This post was brought to you by the very fun “You’re Welcome” song from Moana.
I’ve talked before about an “unlocking” campaign, in which the main draw is to explore and plan, negotiate and fight, and acquire new tools that allow further exploration. In this case, though, I’m imagining a campaign centered around one specific quest: stealing the fire of the gods from the underworld.
The logical fit in terms of setting would be a megadungeon of some sort, and a society with a bare-bones minimum technological level. Imagine a human society without fire: tools and supplies would be limited to stone, bone, wood, and a few plant and animal products.
With no armor and with weapons limited to clubs, pointed sticks and rocks, there’d be a lot less combat than in most fantasy gaming. I’m thinking there’d be a relatively high proportion of tricks, traps, and puzzles. Monsters would generally be powerful enough that they couldn’t be taken down in a fight, and the players would need to discover their rules: the things they like, which can be offered in return for help or at least mercy; their taboos, which can be turned against them; their friends and enemies, who can be manipulated into getting them out of the way. There’d be a lot of planning, a lot of in-game talking, and a lot of stealth. Take a vow of silence and gain the ability to see in the dark for as long as it lasts. Give something up to get what you need to continue.
Beyond this, perhaps some “natural” magic: players would learn that blue stones keep away the spirits of the angry dead, or that painting certain patterns on their bodies render them invisible to dragons, or that the scent of certain berries when crushed allows them to pass safely by the Flower of Death.
The “dungeon” itself would be different from the usual fare, too. It might begin with man-made diggings, but would soon transition to natural caverns descending into the earth. Eventually you might come to something closer to the familiar world of worked stone, doors, and artificial lighting, but this would be in the lowest levels when the player characters encounter the people of the fire-invested underworld. Imagine the characters’ shock (and the players’ excitement) when they start encountering fire and its products such as worked metal, cooked food, heat, and light.

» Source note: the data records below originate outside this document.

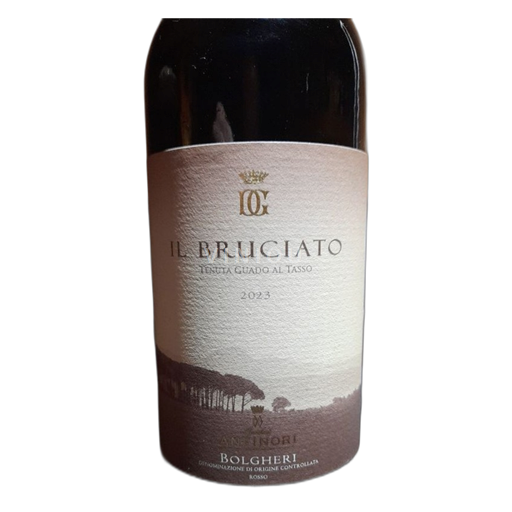 Toscana Bolgheri Antinori 2023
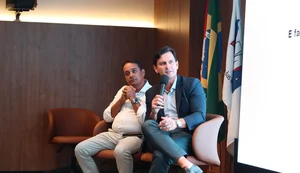 AMA lança Jornada Alagoana pela Excelência na Atenção Primária para fortalecer a saúde nos municípios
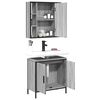 Term&eacute;kindexk&eacute;p: 4 / 14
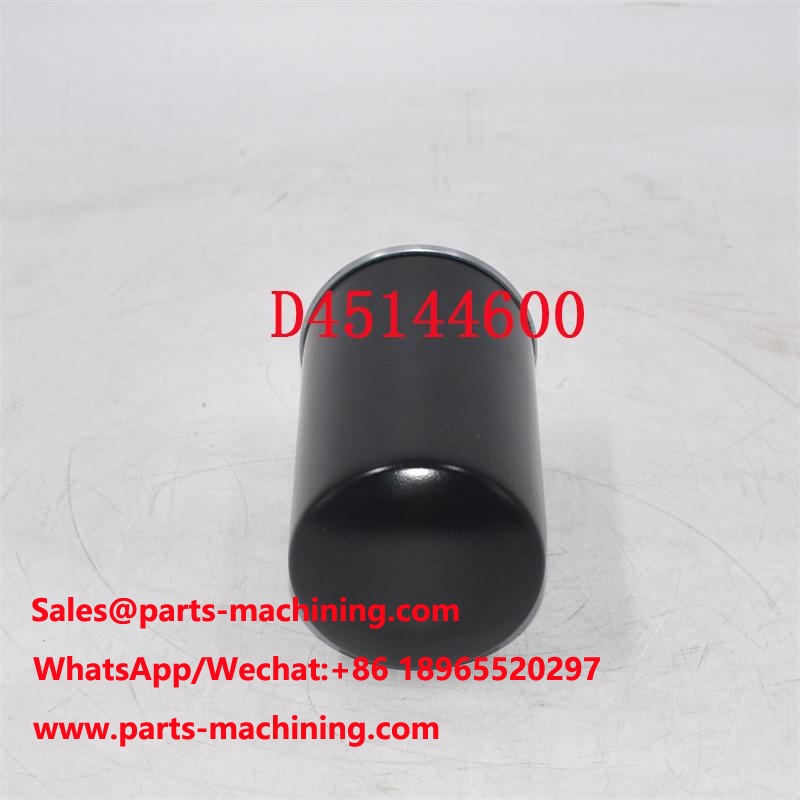Filtre hydraulique D45144600 SPH9480 pour MF30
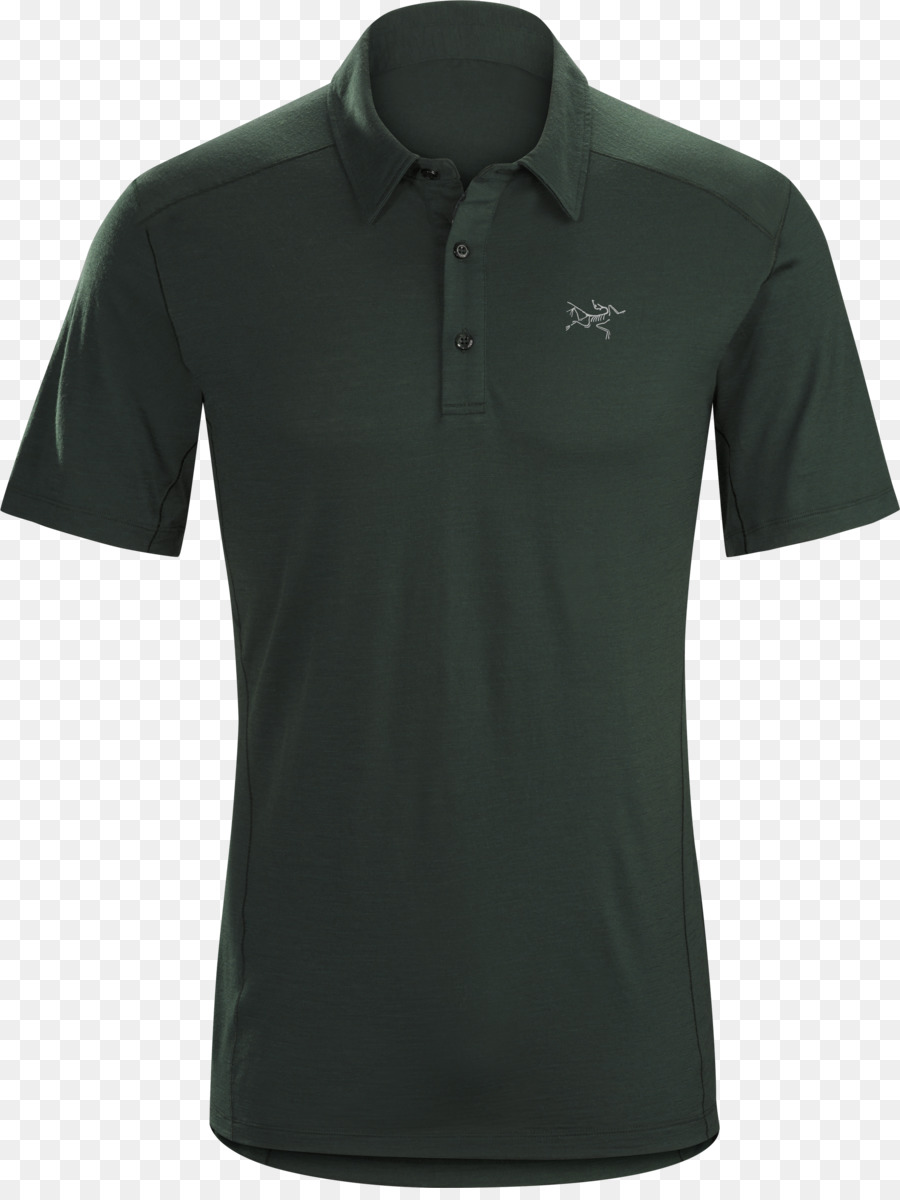 Tshirt，Polo PNG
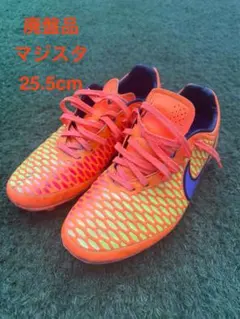 シューズ NIKE Magista Opus HG-E 28cm NIKE Magista Opus HG-E 28cm - メルカリ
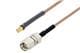 Pasternack PE39061/HS-24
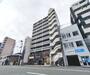 二条駅より徒歩10分 2階 築34年8ヶ月の賃貸物件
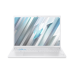 Ноутбук/ ACER Nitro Lite NL16-71G-568T 16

Not that it would do to just grab any old ember and carry it back to the surface. The theft of fire itself would have to be a symbolic act (and it wouldn’t have to be a theft, for that matter, if the players want to negotiate, gamble, fight, or compete to get it). There’d be one specific fire, belonging to a god. This flame would probably be magical enough to pass through all the obstacles back to the surface without being snuffed, and bringing it back would bring humanity the secret of fire – the ability to start new fires at will instead of fetching more from the neighbors a mile below.
This would probably be a campaign of indeterminate length, but with a defined start and end: the group is told that they need to fetch fire (whatever that is) from the cave, and their quest is over when they’ve accomplished that. I know there are people out there who feel that a concrete, final goal along those lines doesn’t fit well with exploration-based megadungeon play, but I feel like in this case at least those people would be wrong: when your overarching goal in play is to act out a primal myth, you need an end-point and closure.
One final twist: What if the player characters are just pawns in a game played by the gods? We’ve already looked at how they’d interact with surface (or cthonic) deities on their way down in order to avoid harm or receive aid, but what if the quest was given to them by a sky-god? What if the sky-god’s goal is to create lightning, or place stars in the sky? Perhaps at the end of their quest the characters would have to decide how much of the fire they took: taking more would mean greater reward back at the surface, but carry greater consequences, like being burned by the flames, causing the underworld people to suffer, or drawing the attention and anger of powerful monsters. And even at the surface, perhaps they’d have to decide whether and how much to surrender the fire to the sky-god, and how much to keep for themselves.
Clearly as outlined this would be a huge project, but I really like the idea of this fire-dungeon. It would be a pretty novel variation on how most people do their fantasy gaming, and it would give the ability to tinker and engage with all sorts of powerful mythic ideas. Clearly something to keep in mind if I ever try to make a living designing gaming products.